Italienischer WM-Titel als Auslöser
Inspiriert wurde Minna in ihrer Kindheit von der italienischen Eiskunstläuferin Carolina Kostner, die 2012 in Nizza WM-Gold errang. Damals verfolgte die heutige Wahl-Stuttgarterin den Wettbewerb vor dem großelterlichen Fernseher und beschloss, ebenfalls mit dem Sport anzufangen – im Alter von sieben Jahren vergleichsweise spät. „Die meisten stehen ihren ersten Axel schon mit acht, neun Jahren“, weiß Minna. Ihr selbst gelang der schwierige Sprung erst, als sie dann elf war.
Nicht erst seit dem Tränen-Drama des russischen Jahrhunderttalents Kamila Valieva bei den vergangenen Olympischen Winterspielen weiß die Eiskunstlaufwelt: Der Druck ist groß auf die jungen Athletinnen, die Karriere kurz. Das gilt auch für Minna, die sechsmal pro Woche trainiert, jeweils zwei bis drei Stunden – parallel zu ihrer Ausbildung zur Sport- und Gymnastiklehrerin. „Manchmal hab’ ich keine Lust auf das Training, aber dann denke ich an die Zukunft; das treibt mich an“, sagt sie. Und ihre Trainerin Gläser fügt an: „Mental ist Angy sehr stark, aber wir versuchen trotzdem, den Druck wegzunehmen.“ Vielleicht hält sie auch deswegen mit ihrer Meinung zum Potenzial ihrer Akteurin hinter dem Berg: „Bei den Junioren kann sie glänzen, aber in der Meisterklasse braucht man viele Dreifachsprünge, um eine Chance zu haben“, sagt Gläser.
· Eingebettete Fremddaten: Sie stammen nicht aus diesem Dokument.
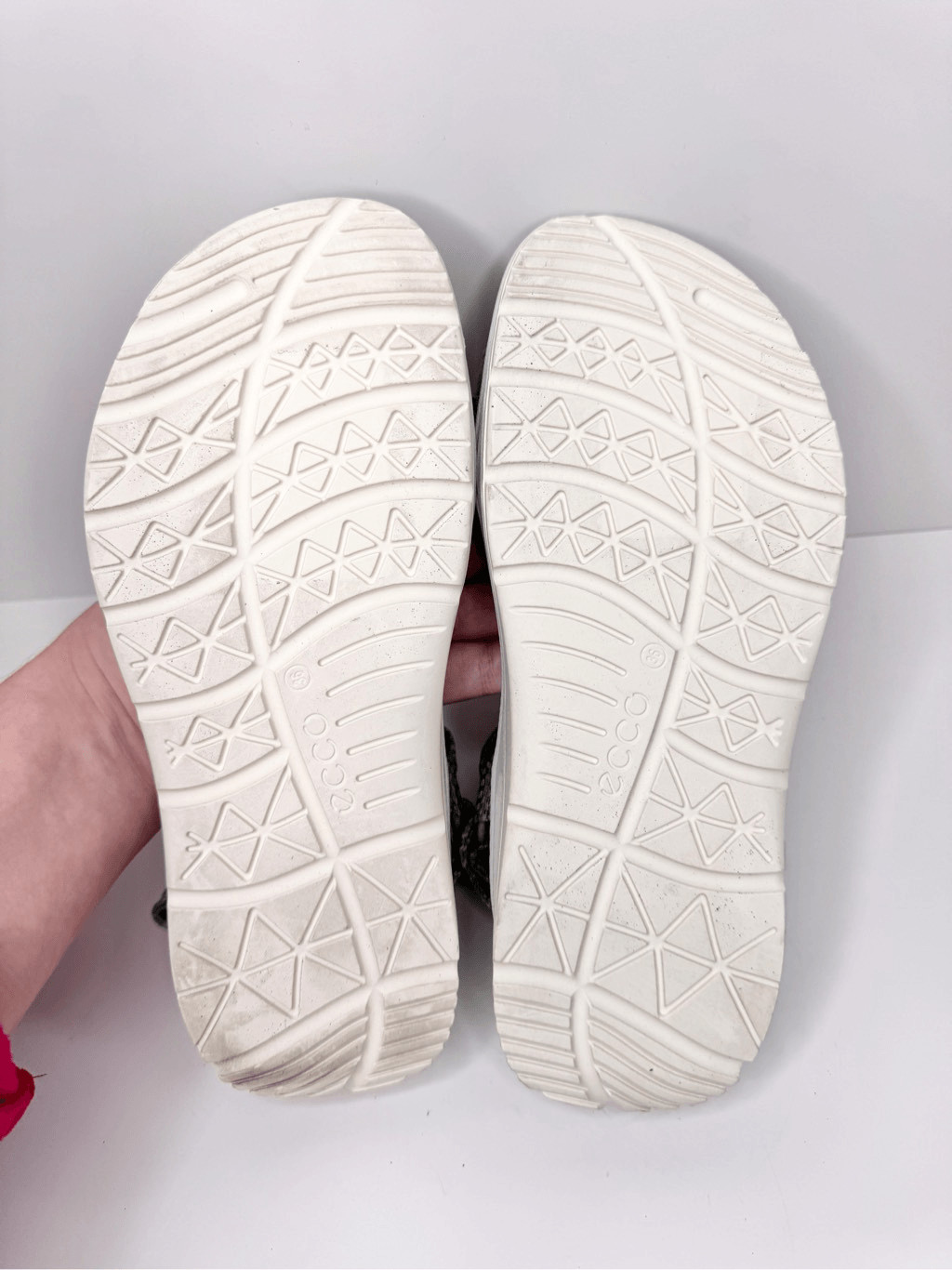 Ecco Water Sandals Size 5.5US X-Trinsic in Vetiver Comfort Technology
In den vergangenen zwei Jahren wurde Minna von Verletzungen am Sprunggelenk zurückgeworfen, trainiert erst jetzt verstärkt ebenjene Sprünge. Trotzdem träumt sie von einer EM- oder sogar WM-Teilnahme. Zunächst steht im kommenden Jahr aber die Prüfung an, die zur Teilnahme an der besagten Meisterklasse qualifiziert. „Wir trainieren fleißig, und ich denke, in ein paar Monaten bin ich so weit“, ist die frischgebackene deutsche Jugendmeisterin zuversichtlich.
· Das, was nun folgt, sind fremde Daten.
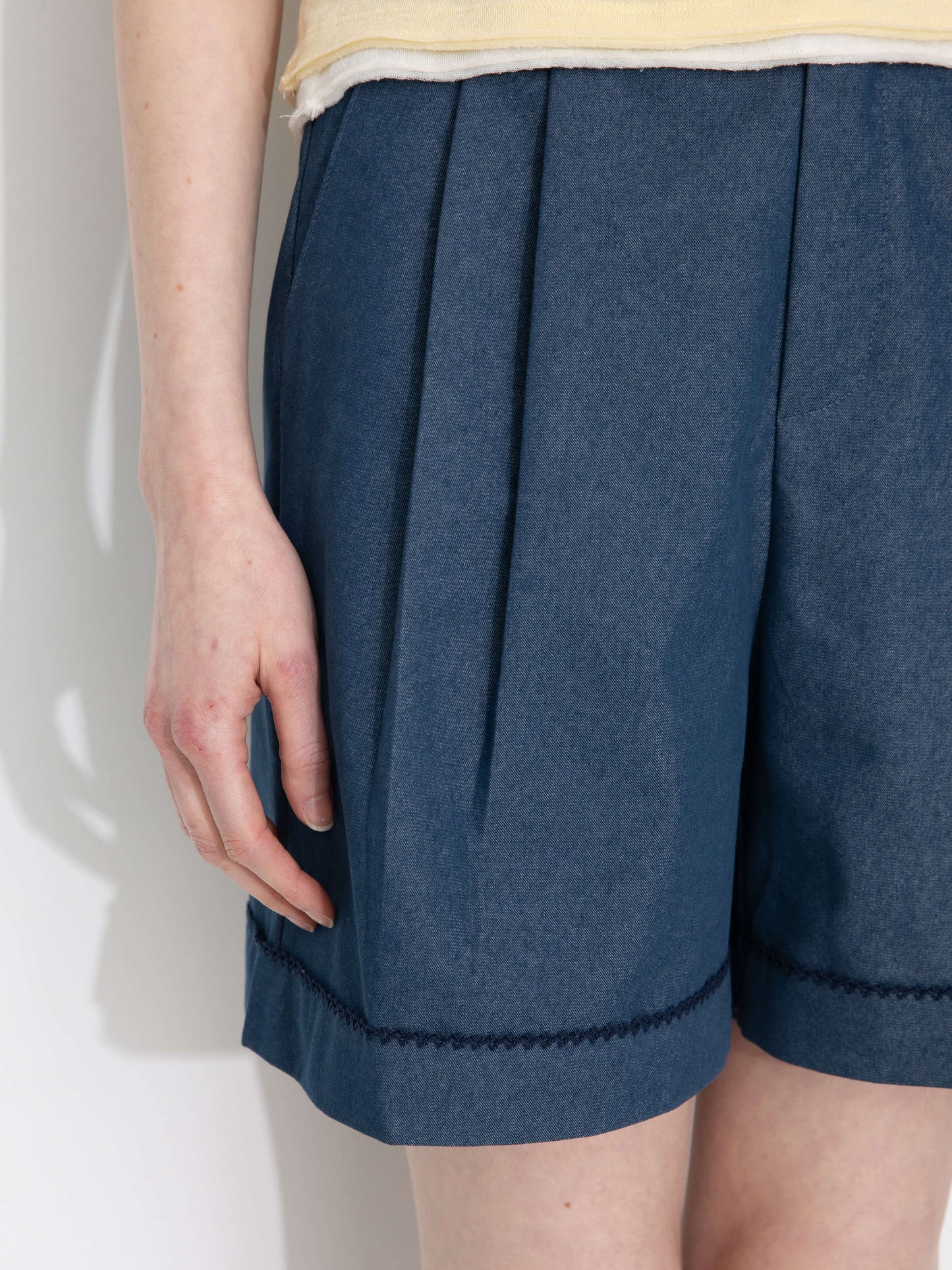 Pleated Wide-Leg Shorts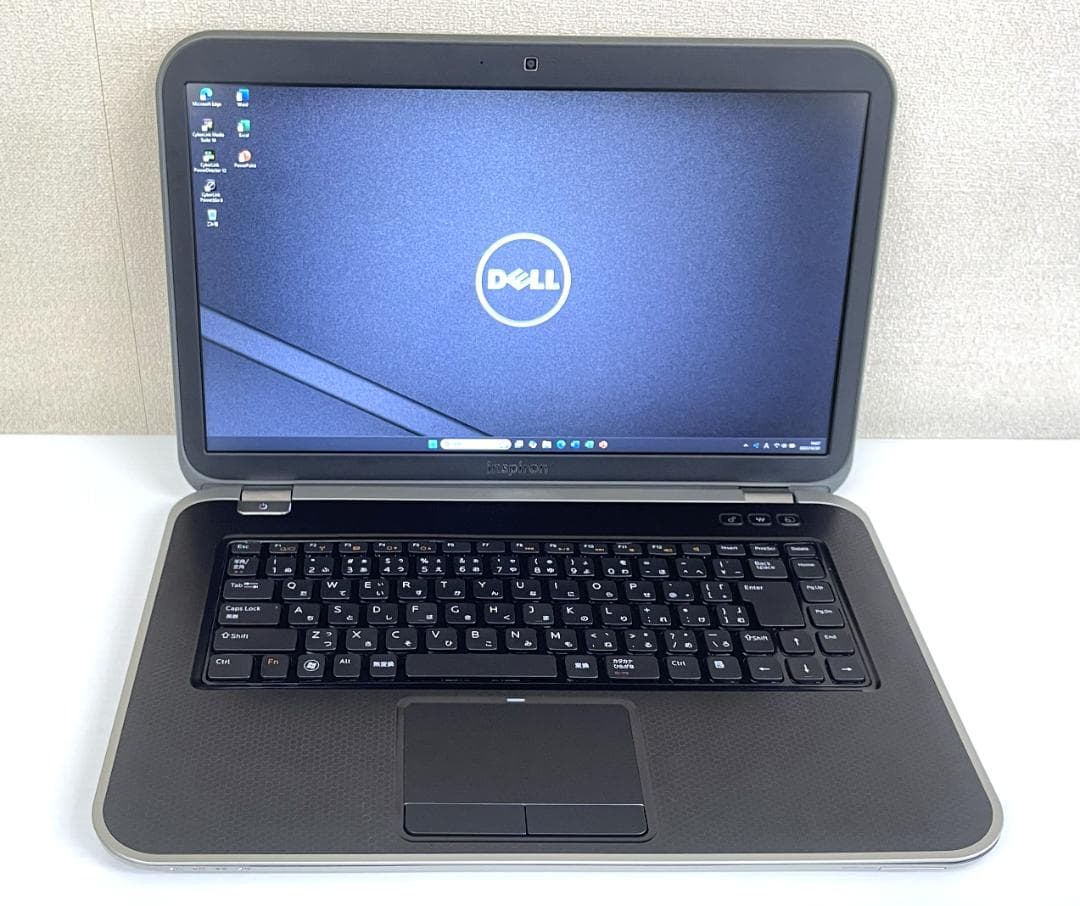 Inspiron　15.6　Core i7　8GB　SSD　Blu-ray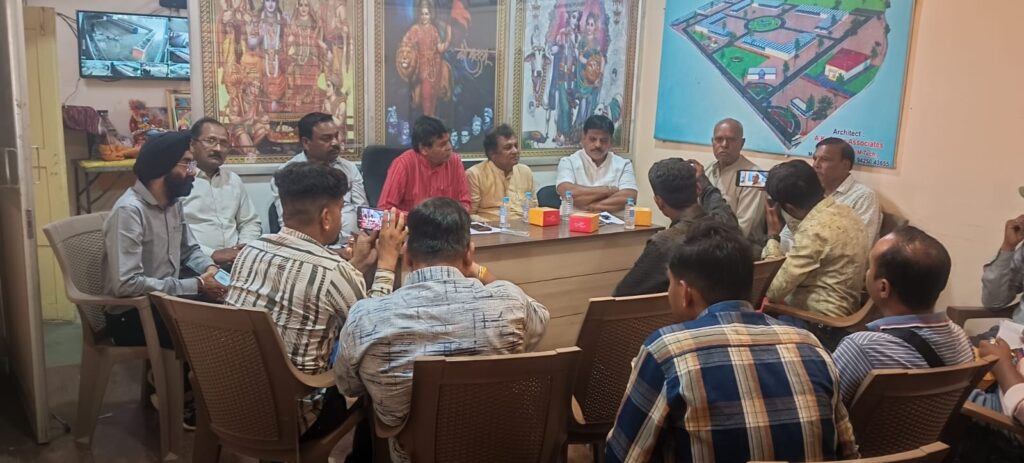 खंडवा में रंग पंचमी पर उमड़ेगा फाग का उत्साह: ‘श्री दादाजी फाग यात्रा’ में होगी फूलों और गुलाल की वर्षा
Weitere Stuttgarter Medaillen
Anna Orlova & Valeria Huber
Neben Anna-Angela Minna darf sich der Stuttgarter Eiskunstlauf-Sport über zwei weitere Medaillen bei den deutschen Meisterschaften in Oberstdorf freuen, beide in der Nachwuchsklasse Mädchen B (bis 17 Jahre) – und beide für Akteurinnen des TEC Waldau. Die 14-jährige Anna Orlova belegte mit 102,84 Punkten den zweiten Platz. Dritte wurde mit hauchdünnem Abstand ihre ein Jahr jüngere Vereinskollegin Valeria Huber (102,35 Punkte). Zum unangefochtenen Meistertitel lief derweil die Lokalmatadorin Adelina Voroteliak, die beim Eissportclub Oberstdorf trainiert. Mit 127,49 Punkten ließ sie der Konkurrenz keine Chance.